What better time to unravel this confusion, the movie is yet to release, it is new year’s eve and I have nothing to do.
What Uncle Pai told us, was Padmini was the queen of Chittor. She was exquisitely beautiful. A Brahmin who the Rana insulted instigates Khilji to conquer Chittor and take the queen. Khilji uses trickery to capture the Rana and Padmini is the ransom demanded. The emphasis is on how the queen was virtuous she did not show herself, face to face, but let Khilji see her reflection in a mirror. She goes notches higher because she commits Jauhar to avoid being part of Khilji’s harem.
As children we never asked or never reflected. The story stayed what is scarier is the ideology that stayed with it, women have to be veiled.
What we were not told is that Jauhar was self immolation when defeat was inescapable. Women, children all killed themselves with the wealth of the tribe to avoid capture and abuse. Historian Kaushik Roy says that Jauhar occurred only when the war was between Hindu-Muslim . It was coupled with tradition of Saka or the warriors going to the battlefield where death is certain.
Later on somewhere we learnt of Padmini was a sufi poem by Malik Mohammad Jayasi.

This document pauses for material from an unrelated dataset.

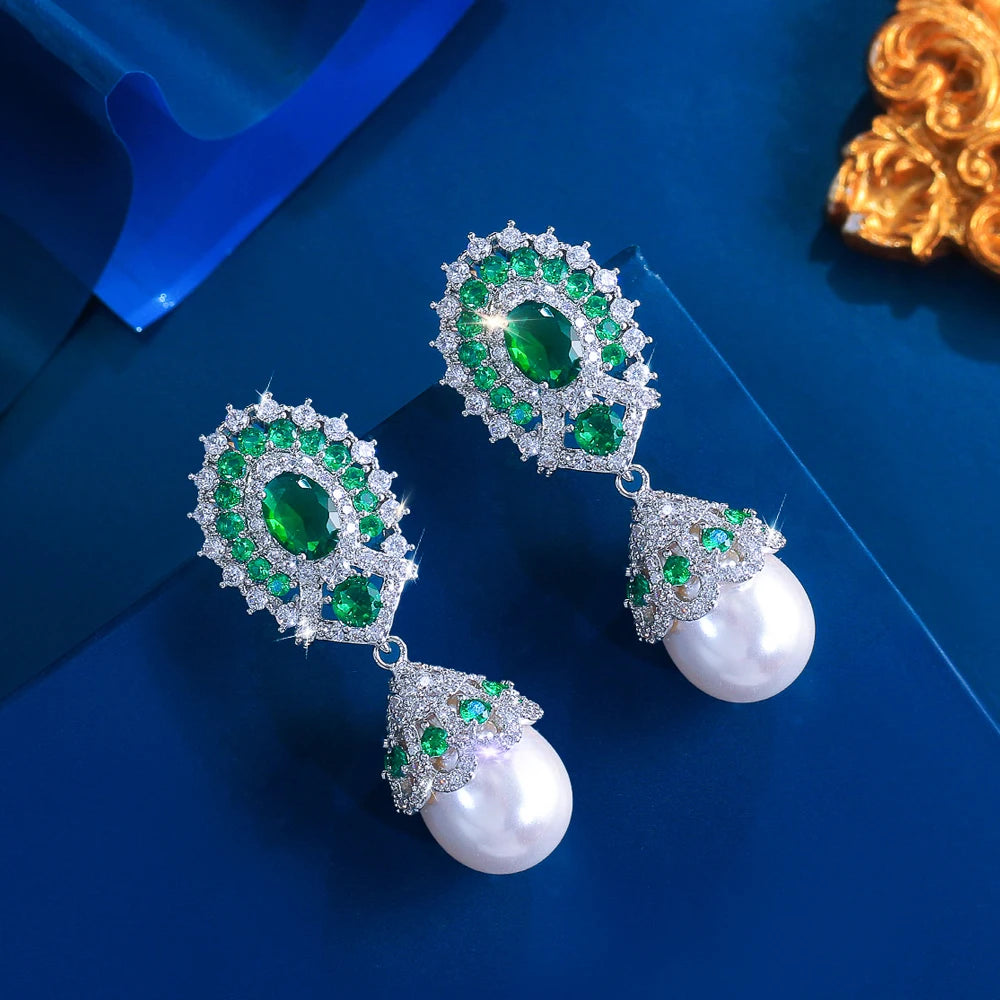 ThreeGraces Luxury Shiny Green White Zirconia Fashion Bridal Wedding Party Big Simulated Pearl Earrings for Women Jewelry E2035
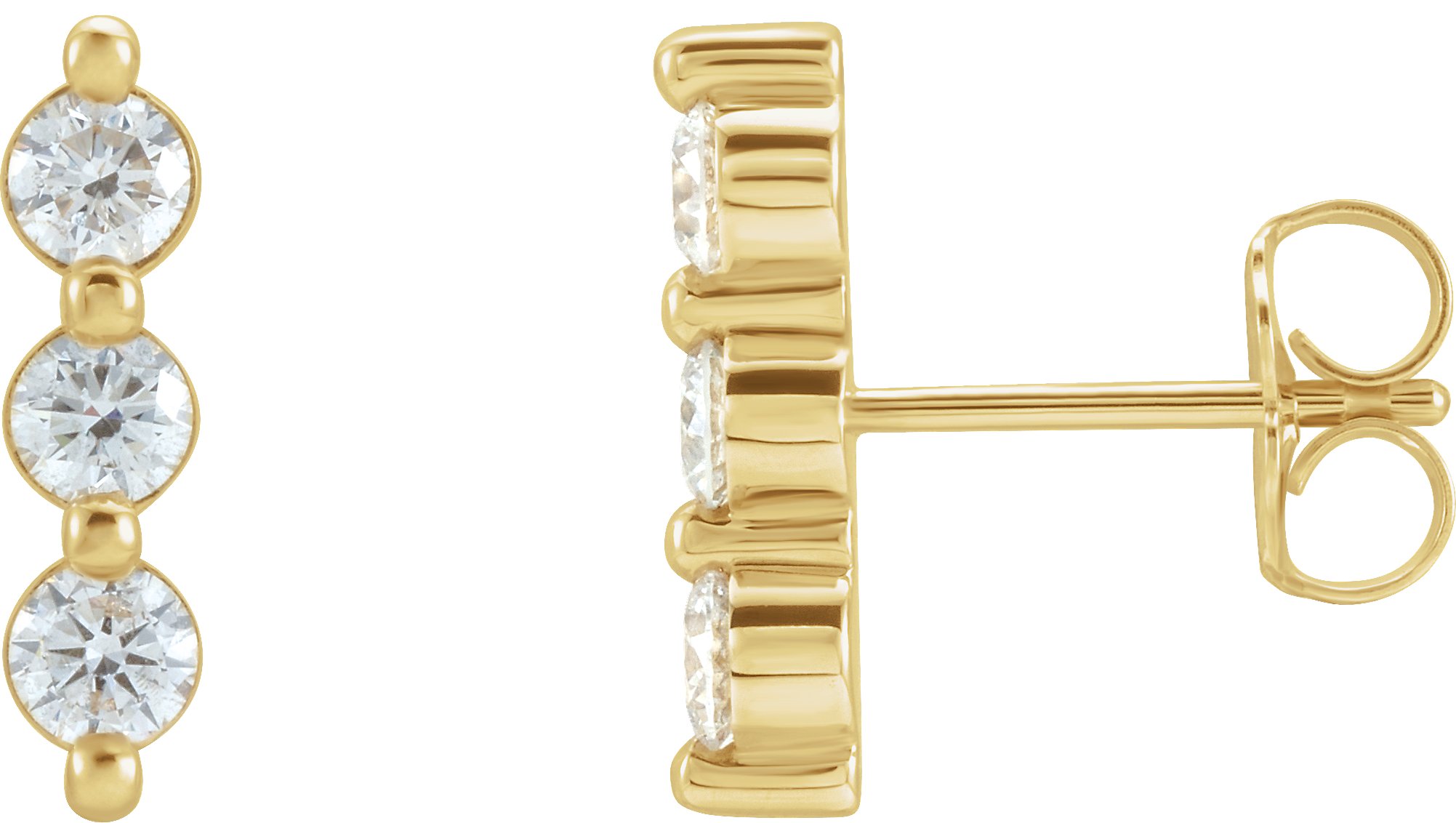 14K Yellow 5/8 CTW Diamond Three-Stone Bar Earrings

Padmavat is its original name. It has the elements of a typical Sufi story with magic, speaking animals, a quest etc.. In this version, when Khilji takes the Rana hostage, Devpal the ruler of Kumbhanair proposes to Padmavati. On his return the Rana fights Devpal to avenge the insult. Devpal and the Rana kill each other, while Padmavati and Nagmati perform Sati and not Jauhar the story ends with Khilji entering the fort to be welcomed by the pyre of the dead.
Padmavati is neither mentioned in the Rajput history annals nor in the Sultanate ones, making her a figment of imagination. Yet Alauddin Khilji is a real person
From its first adaptation in 1590 by Hansa Dakkani of the Bijapur court Padmavat has inspired 12 adaptations in Urdu and Persian, of course there Sufi symbolism is left out. In the 16th century the story spawned lot of Bengali adaptations. the most notable one was the one by Abinindranath Tagore in 1909. In 1963 came the first movie as with Padmavati as the muse 1964 came the Hindi rendering. Padmavati was then laid to rest until 2017 .Now Sanjay Leela Bansali.
I wonder what copyright and royalty would have done, I dread to even see sanjay leela bhansali’s version, given his warped story telling . One can expect a dance with Nagamati and Padmavati dancing side by side in the true Bhansali trouple pattern. (remember chandramukhi-paro, Kashi bai-Mastani)
Somehow I am convinced that Sanjay Leela Bhansali has paid people to raise the stink so that the movie gets publicity.
Anyway, here is the input from poet Malik Mohammed Jayasi that he has imagined the story and that it is an allegory. Chittor is the body, Raja Ratnasimha the mind, Padmavati the wisdom, Singhala the heart, and Alauddin the lust.
Whew forget coffee… it is Onde saridon…that just one saridon.